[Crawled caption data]
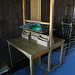 Old Faithful Inn Lobby Desk (3928)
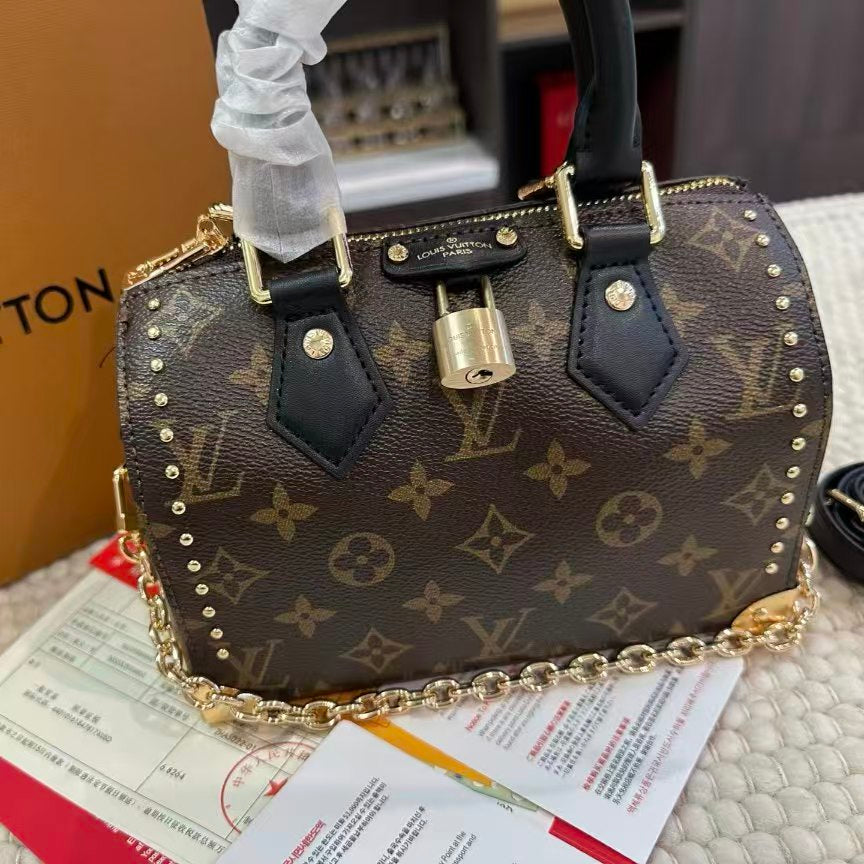 High-end Bag Customization - LV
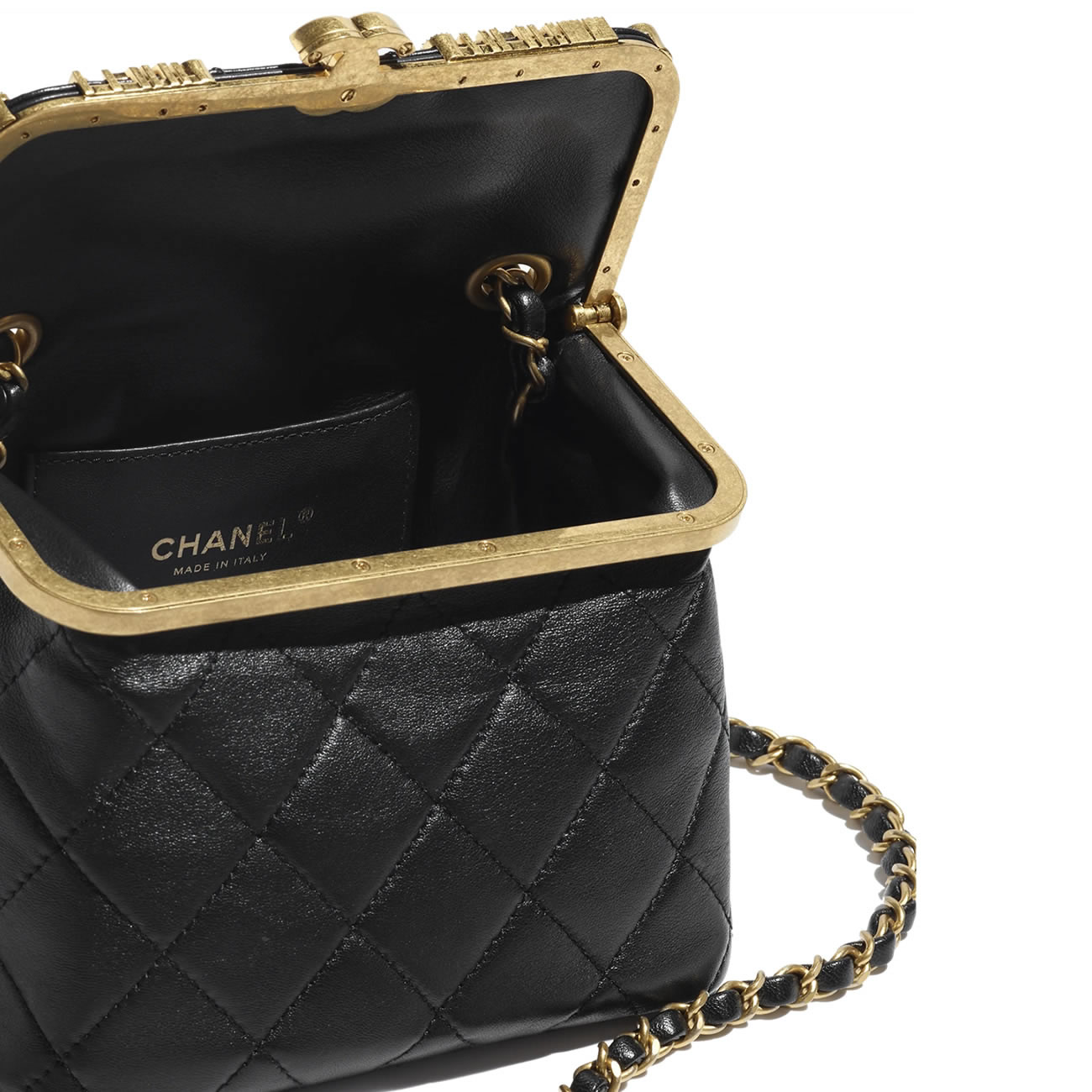 Chanel Clasp Bag 4 - kickbulk.org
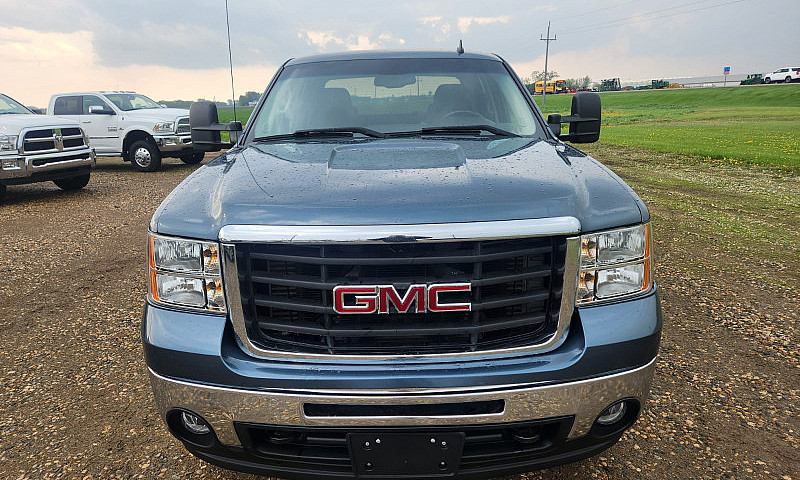2008 Gmc Sierra 2500...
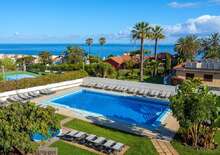 Hotel O7 Tenerife - BUD BUD, Repülő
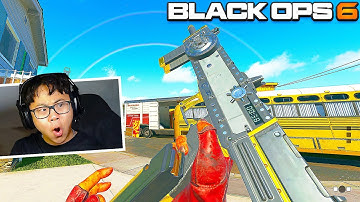 570 KILLS in 25 MINUTES on BLACK OPS 6! 🤯 (BO6)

» **TASK STATEMENT**
Please retype, exactly and with the pictures left out, the lines from the line containing "2008 Gmc Sierra 2500..." through the last line of the records above.

» **RESULT OF THIS TASK**
2008 Gmc Sierra 2500...
 Hotel O7 Tenerife - BUD BUD, Repülő
 570 KILLS in 25 MINUTES on BLACK OPS 6! 🤯 (BO6)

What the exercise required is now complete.